═════ Source data ═════
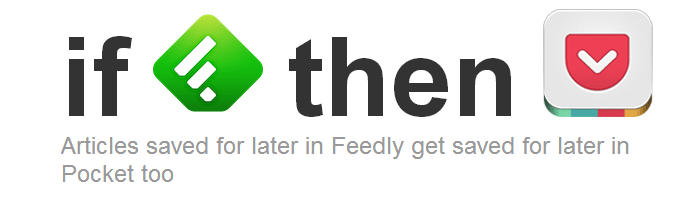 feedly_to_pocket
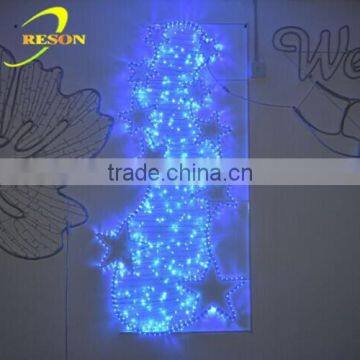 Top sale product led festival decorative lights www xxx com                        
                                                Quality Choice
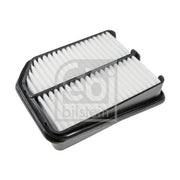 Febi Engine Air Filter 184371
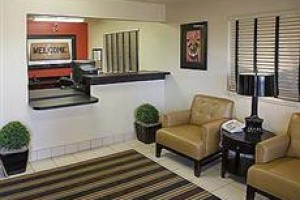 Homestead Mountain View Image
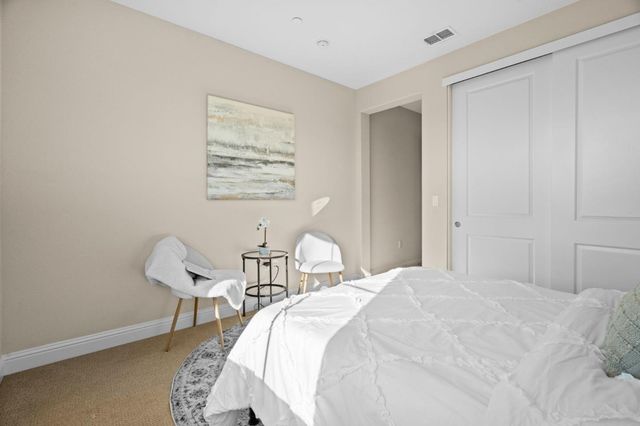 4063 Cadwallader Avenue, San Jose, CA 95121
═════
═════ Source data ═════
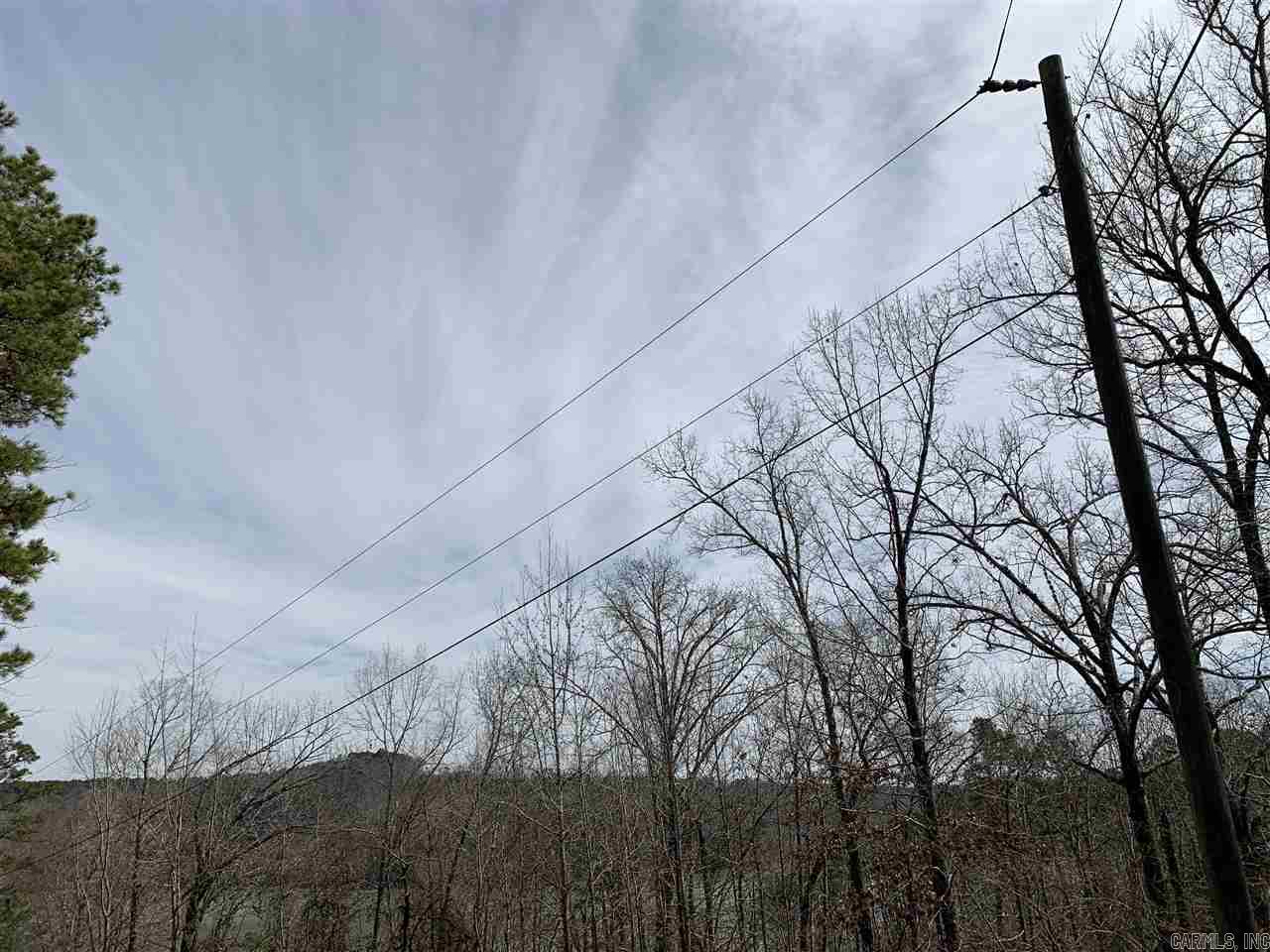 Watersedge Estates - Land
═════
Above are the records. Copy word for word only their lines from the one holding "Homestead Mountain View Image" through the one holding "4063 Cadwallader Avenue, San Jose, CA 95121", both included, and skip the images.

 Homestead Mountain View Image
 4063 Cadwallader Avenue, San Jose, CA 95121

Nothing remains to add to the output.